# Personal Best on the fly if any species



## MaxP (Jan 31, 2008)

A monster grass carp...
Caught him on a Betts popper


----------



## NoMoSurf (Oct 2, 2007)

Nice Job!

They are a hell of a fight on a fly rod. I caught this one on a 9wt about 10-12 years ago.


----------



## specktackler57 (May 15, 2011)

That’s a hoss


----------



## kanaka (Oct 3, 2007)

!!!! Was most of the fight just a dead weight pull or was there a lot of give and take?


----------



## NoMoSurf (Oct 2, 2007)

kanaka said:


> !!!! Was most of the fight just a dead weight pull or was there a lot of give and take?
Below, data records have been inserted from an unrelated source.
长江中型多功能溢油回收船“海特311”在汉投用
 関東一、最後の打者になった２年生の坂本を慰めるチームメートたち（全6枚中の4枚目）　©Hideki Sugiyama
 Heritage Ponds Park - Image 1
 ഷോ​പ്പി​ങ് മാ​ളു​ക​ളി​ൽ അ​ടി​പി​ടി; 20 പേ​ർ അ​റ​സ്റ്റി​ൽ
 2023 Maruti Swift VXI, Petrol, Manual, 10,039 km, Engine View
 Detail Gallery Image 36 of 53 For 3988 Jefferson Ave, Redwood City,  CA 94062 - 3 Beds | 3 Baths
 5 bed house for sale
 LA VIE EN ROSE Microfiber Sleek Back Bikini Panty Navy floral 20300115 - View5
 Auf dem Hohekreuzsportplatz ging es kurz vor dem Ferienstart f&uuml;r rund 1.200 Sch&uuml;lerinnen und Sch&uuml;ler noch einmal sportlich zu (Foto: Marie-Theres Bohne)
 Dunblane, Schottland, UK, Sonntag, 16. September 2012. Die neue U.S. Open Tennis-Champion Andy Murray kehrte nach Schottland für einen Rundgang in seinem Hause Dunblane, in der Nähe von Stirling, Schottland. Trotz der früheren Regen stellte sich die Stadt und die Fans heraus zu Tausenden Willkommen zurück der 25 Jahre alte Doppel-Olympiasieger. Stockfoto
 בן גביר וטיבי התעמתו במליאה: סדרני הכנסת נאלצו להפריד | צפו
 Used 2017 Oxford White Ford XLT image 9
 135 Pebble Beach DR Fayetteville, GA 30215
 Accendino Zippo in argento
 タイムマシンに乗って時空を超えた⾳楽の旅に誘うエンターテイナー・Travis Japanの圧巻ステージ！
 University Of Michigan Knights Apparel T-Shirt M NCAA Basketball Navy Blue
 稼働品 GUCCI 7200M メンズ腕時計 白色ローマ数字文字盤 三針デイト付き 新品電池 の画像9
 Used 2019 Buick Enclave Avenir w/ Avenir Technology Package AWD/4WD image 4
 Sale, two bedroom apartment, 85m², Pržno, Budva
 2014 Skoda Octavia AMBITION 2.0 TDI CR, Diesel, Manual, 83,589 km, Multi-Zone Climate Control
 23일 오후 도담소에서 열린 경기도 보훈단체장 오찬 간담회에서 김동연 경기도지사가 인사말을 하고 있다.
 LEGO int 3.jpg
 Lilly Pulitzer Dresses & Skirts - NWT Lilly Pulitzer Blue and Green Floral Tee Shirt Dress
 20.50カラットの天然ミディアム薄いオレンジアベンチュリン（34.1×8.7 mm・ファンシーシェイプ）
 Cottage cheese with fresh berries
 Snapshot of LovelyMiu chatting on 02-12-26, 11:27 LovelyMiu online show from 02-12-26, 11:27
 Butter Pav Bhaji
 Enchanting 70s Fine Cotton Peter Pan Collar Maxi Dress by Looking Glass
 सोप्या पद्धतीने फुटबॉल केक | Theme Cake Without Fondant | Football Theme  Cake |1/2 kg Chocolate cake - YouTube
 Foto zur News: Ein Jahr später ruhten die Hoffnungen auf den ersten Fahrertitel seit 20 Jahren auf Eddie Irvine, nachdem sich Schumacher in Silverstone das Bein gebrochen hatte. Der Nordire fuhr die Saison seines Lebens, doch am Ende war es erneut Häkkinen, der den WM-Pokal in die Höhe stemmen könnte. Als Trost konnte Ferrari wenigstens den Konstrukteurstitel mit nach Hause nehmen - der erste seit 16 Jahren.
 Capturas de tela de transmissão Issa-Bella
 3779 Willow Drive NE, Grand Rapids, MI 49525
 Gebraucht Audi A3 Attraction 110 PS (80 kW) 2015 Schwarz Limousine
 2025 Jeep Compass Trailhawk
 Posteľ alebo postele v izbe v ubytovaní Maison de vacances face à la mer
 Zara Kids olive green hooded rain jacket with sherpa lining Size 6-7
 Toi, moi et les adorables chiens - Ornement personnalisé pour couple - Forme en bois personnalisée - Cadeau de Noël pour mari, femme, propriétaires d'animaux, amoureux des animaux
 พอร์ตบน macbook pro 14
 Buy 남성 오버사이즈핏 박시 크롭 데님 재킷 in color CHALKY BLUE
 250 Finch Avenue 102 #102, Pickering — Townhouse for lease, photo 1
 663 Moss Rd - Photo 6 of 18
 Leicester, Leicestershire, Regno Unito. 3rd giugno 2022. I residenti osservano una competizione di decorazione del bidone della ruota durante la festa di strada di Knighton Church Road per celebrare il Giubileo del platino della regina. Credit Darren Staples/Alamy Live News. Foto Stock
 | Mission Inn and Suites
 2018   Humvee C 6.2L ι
Mine was quite a fight. Especially after he finally realized that he was hooked. He made several good hard runs. It took me about half hour to get in.

I dont know why more people dont try to catch them as a sport fish. It's quite a sport for the Brits.


----------



## MaxP (Jan 31, 2008)

kanaka said:


> !!!! Was most of the fight just a dead weight pull or was there a lot of give and take?


 I caught it on a 6 weight. When I set the hook he was cruising, no slowing him down. Then he kind of forgot he was hooked, until he came near the dock he would take off again. They charge like a bull red and then kind of relax until you get him close again then take off. He probably made seven runs and went under a submerged branch at one point. My dock is on a very shallow part of the lake. The whole fight took place in two foot or less water. If I didn't keep that cheap landing net by the water's edge all the time, there is no telling how long it would have taken to land him.


----------



## jim t (Sep 30, 2007)

I bought a cheap fly combo a lot of years ago. I lived in a condo on Perdido Key. I went out to the beach and "practiced" casting with a small clouser into the surf. I was terrible at casting.

Yet somehow a Ladyfish found my fly irresistable. When I retrieved the line came taut.

It scared the begeebus out of me. Probably the same for the Ladyfish.

It's the ONLY fish I've caught on a fly. I haven't tried much though. It's one of those schools I want to try.

Jim


----------